Although he hasn’t received the green light just yet, Parenteau is already eager to start kicking the tires on his newest trio.
“I think we all bring something to the line. I like playing with Prust because he brings a lot to the table,” praised the Hull, QC native. “He’s a hard worker who’s been playing good hockey recently and I think that’s something both Chucky and I can benefit from.”
Heading back on the road following a two-game homestand in which they picked up just a single point, the Canadiens will be hoping to benefit from Parenteau’s expertise in Ohio.
“We’ve played well on the road recently so we’re excited to get back out there,” acknowledged the Habs’ offseason acquisition, who has registered six points in six career games against the Blue Jackets. “I don’t think we played poorly at home over the last two games, but we certainly could have played better. Based on our previous road trip, we should expect to play some good hockey in Columbus and in Ottawa.”
Another area in which there is room for improvement is on special teams, which have accounted for just one goal over the past seven games.
After enjoying a bird’s eye view of the power play from the press gallery of late, Parenteau has landed a new role on the team’s first wave at practice alongside P.K. Subban, David Desharnais, Max Pacioretty, and Brendan Gallagher, and could have the opportunity to pitch in firsthand with the man advantage.

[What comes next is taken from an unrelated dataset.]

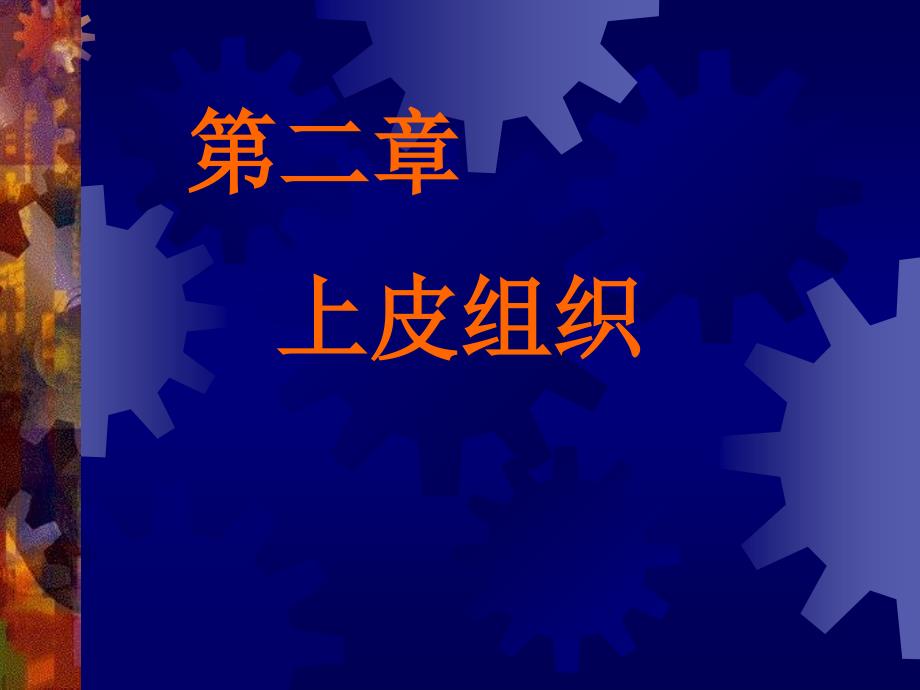 第二章上皮组织讲义资料_第1页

“We’re going to need the power play at some point, whether it’s in the second half or in the playoffs. Good teams make use of the power play and score goals on the power play,” admitted the veteran winger. “With the personnel we have on special teams, there’s no reason for us to not score goals, and I think the second half will be a lot better for our team.”
If the power play is a highway to long term success, Therrien insists there’s more to capitalizing than just printing up a map and rolling along on cruise control.
“We always prepare plays for the guys to execute, but it’s also important for them to read the game on the ice. If I’m driving from Montreal to Quebec City. I have two choices – highway 20 or highway 40 – but if I hear on the radio that there’s a big accident in Drummondville, I won’t take the 20. I’ll take the 40,” cracked the Habs' bench boss. “There are two ways to get there, and it’s the same thing for hockey. You’ve got different options, but you need to read the play.”
Set to embark on the second half of the 2014-15 campaign beginning Wednesday night, a newly-clicking power play could turn out to be just the latest weapon in an already loaded Canadiens arsenal.
“Obviously we’d like our power play to work a little better, but we’re still doing really well this year despite that,” argued Parenteau, who sits tied for first on the team in special teams goals. “I think Carey Price is a big part of that, and I think our defensive play overall has also been really good. Those are things that we can be proud of right now, but if we can get our power play going in the second half, then we’ll become an even more dangerous team.”
Bolstering the team’s stingy defensive corps could be Mike Weaver, who practiced alongside Tom Gilbert on Tuesday following a 12-game absence.
“I’m just playing it day by day. Obviously the pairings were a bit different today, but you can’t predict what they’ll be like on game day,” offered the 36-year-old defenseman, who suffered a concussion on December 6 in Dallas. “I’m just happy to be out there and I’m ready to go whenever.”
While it’s never easy to be away from the ice, watching the way his team performed in his absence has made the wait slightly more palatable for the 13-year NHL vet.
“It was a little frustrating, but most of all I was happy to be winning,” added Weaver, who leads the team in average shorthanded minutes per game. “It’s great to be part of a winning team and the atmosphere around here has been awesome. Everybody’s enjoying it, so even if you’re not playing, you just keep practicing hard while you wait to get back.”